# Cichlid not eating



## rich16 (Mar 25, 2011)

In my Malawi tank (mix of mbuna and peacocks), I have a peacock that stopped eating maybe a week ago? He ignores NLS dropped right in front of him - so unlike a cichlid! I've had him for about 6 weeks, and for the first month or so he was active and feeding well. He's not quite full grown yet.

There are absolutely no other sign of illness...gills look pink and healthy, no tattered fins, bulging eyes, spots, visible marks on his body. He is not getting picked on or bullied by anyone else. He just hangs out near the top rear of the tank.

Every other fish in the tank appears healthy and active, and has the normal cichlid appetite. 

Should I isolate him, wait it out...help?


----------



## bingerz (Mar 3, 2011)

yeah, i guess after ruling out alot of the stuff...i'd prolly isolate him. try to personally feed him. i've got a female that just got out of holding fry...i've separated her from the others, but she doesn't swim around...she just chills there at the bottom, sometimes she stops paddling even. but she still eats. doesn't like the nls, but eats the crushed peas i drop. other than chillin there..she looks normal.


----------



## rich16 (Mar 25, 2011)

Yeah, I guess into QT he goes. Dammit.


----------



## charles (Apr 21, 2010)

the fact that he is on the top rear usually means he is being picked on.


----------



## rich16 (Mar 25, 2011)

charles said:


> the fact that he is on the top rear usually means he is being picked on.

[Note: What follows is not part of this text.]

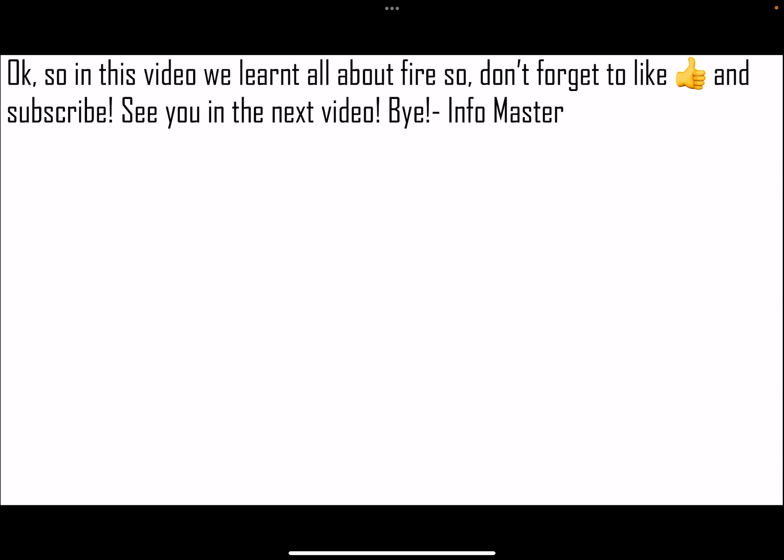Okay, so in this video we learned all about fire. So don't forget to like and subscribe. See you in the next video, bye! Info Master.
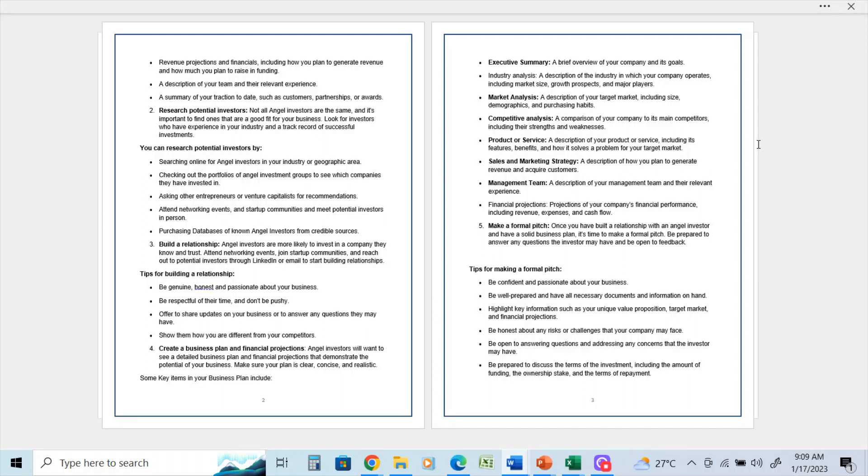Sales and marketing strategy: a description of how you plan to generate revenue and acquire customers. The management team: a description of your management team and their relevant experience. Financial projections: projections of your company's financial performance, including revenue, expenses, and cash flow.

Ordinarily I would agree with you, and it was one of my first thoughts. However, I've spent a lot of time sitting and watching, and he is just...ignored. I have a couple aggressive fish in the tank, but they are leaving him alone completely.


----------



## Momobobo (Sep 28, 2010)

Does he ever try to venture out and then get beat back?


----------



## rich16 (Mar 25, 2011)

Well, the poor fella went to the big fishtank in the sky. Dammit. 

Put him in QT a couple days ago, tried enticing him to eat..no luck. Was swimming around yesterday morning, and was belly up when I got home from work..


----------



## bingerz (Mar 3, 2011)

Sorry to hear that. One of my fish started acting up too. At first i found him hiding by one of the rocks....then yesterday i found him swimming vertically in the corner. I think the dominant male is pickin on him. So i separated him...and hopefully he pulls thru. I dunno what it is...but i have no luck with aceis...maybe i need to buy more? Maybe they need bigger grps to thrive...ive had six....now i have three left.


----------